Les propos du président de la République représentent pour nous la reconnaissance officielle que la mise en place de la réforme ne se passe pas comme souhaité et que des éléments de blocage sont apparus. Ce que le chef de l’État appelle la formation pratique renvoie pour nous à la professionnalisation, liée à l’existence de stages, mais aussi à la manière dont ces stages sont articulés avec le reste de la formation. Ce n’est pas seulement en faisant effectuer des vacations aux étudiants que l’on va les transformer en enseignants. C’est un peu plus compliqué que cela. Mais, pour nous, la déclaration de Nicolas Sarkozy annonce en effet clairement la réouverture du chantier.

Dans ce contexte, vous proposez donc trois modèles de formation en alternance…

En réalité, cette question de l’alternance est évoquée depuis plusieurs mois au sein des directions ministérielles, qui avaient pris conscience, avant le président de la République, que les difficultés liées à la professionnalisation allaient constituer un réel problème. L’alternance est un scénario avec lequel on ne peut être que d’accord ! La CDIUFM y a toujours été favorable. L’alternance était d’ailleurs la règle pour les futurs professeurs de collège et de lycée qui, en deuxième année d’IUFM, passaient chaque semaine deux jours en formation et trois jours en établissement scolaire. Mais si l’alternance représente la seule manière de former les professionnels, il y a plusieurs modalités possibles, chacune présentant ses avantages et ses inconvénients.

Lesquelles ?

La première formule concerne la seule année de M2 et inclut une ou deux journées par semaine en établissement scolaire, assez proche finalement de ce qui existait auparavant pour le second degré. Il nous paraît en effet fondamental que les établissements accueillant des stagiaires puissent prévoir et programmer leurs périodes de formation. Deuxième possibilité : dédoubler l’année de M2, à l’image de ce qui se fait déjà pour certains DUT. L’étudiant pourrait alors étaler les périodes de formation et consacrer plus de temps aux périodes d’activité professionnelle.
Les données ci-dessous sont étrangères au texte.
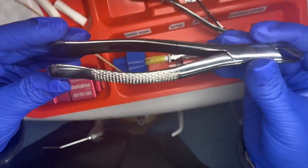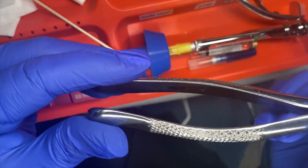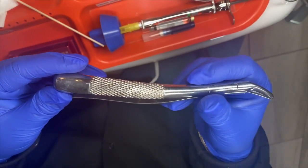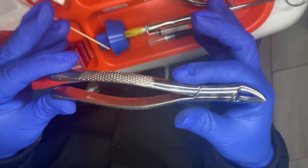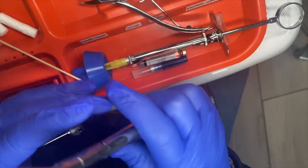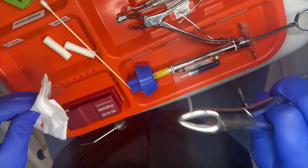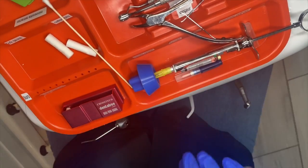These are forceps. This is actually a 150 — there's a 150 and a 151, and they're all used for different types of teeth: maxillary, mandibular. We give it to the doctor, we'd have cotton in our hand, the doctor would extract the tooth, and we would take this with us.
La troisième option étendrait le bénéfice de l’alternance à l’ensemble des deux années de Master, avec sans doute une charge en stages plus légère en M1 qu’en M2.
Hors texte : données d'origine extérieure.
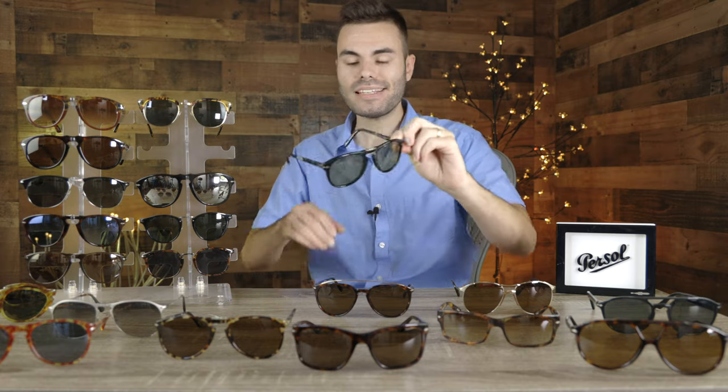The next pair is the Purcell 714 SM sunglasses — the actual Steve McQueen edition of the 714. These sunglasses look really, really good on my face. I really like this color combination. Unfortunately, Purcell does not sell this color combination anymore as of when filming this video, though they might bring it back.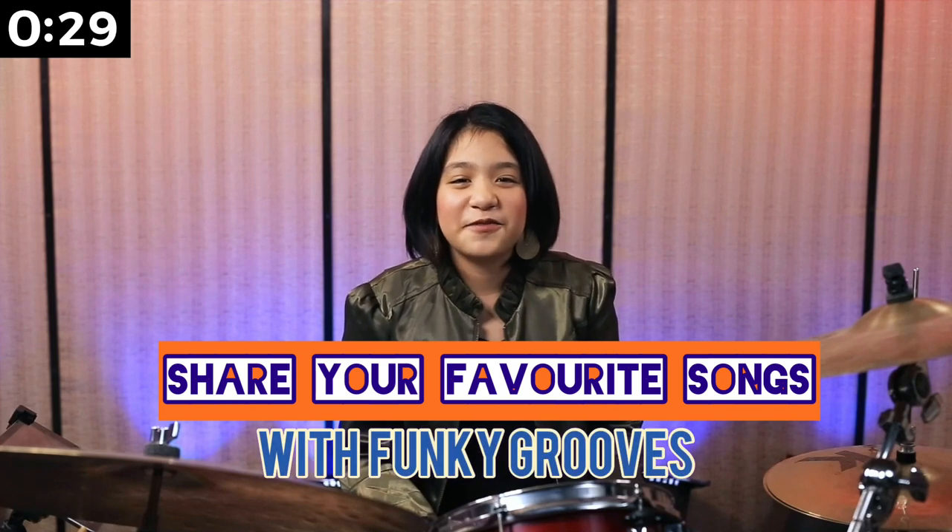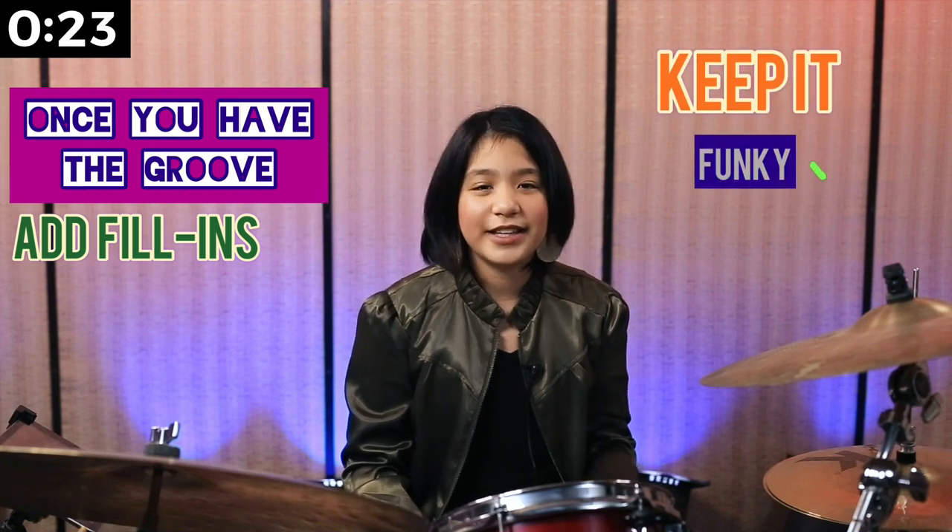Share your favorite songs with funky grooves — put a comment below. Once you have the groove, try to add some fill-ins but keep it funky and groovy.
Parmi ces trois modèles, vous n’avez vraiment aucune préférence ?

Cette dernière option est celle qui correspond le plus à notre stratégie globale. Son gros avantage est qu’elle permettrait de se rapprocher de ce que l’on appelle en Europe les formations simultanées, c’est-à-dire des formations où le projet professionnel de l’étudiant est enclenché assez tôt. On pourrait même imaginer que les étudiants effectuent des premiers stages de sensibilisation en L3, pour conforter leur projet. A condition de modifier la place du concours, la première piste nous paraît également intéressante, à la fois pour les étudiants et pour l’Éducation nationale.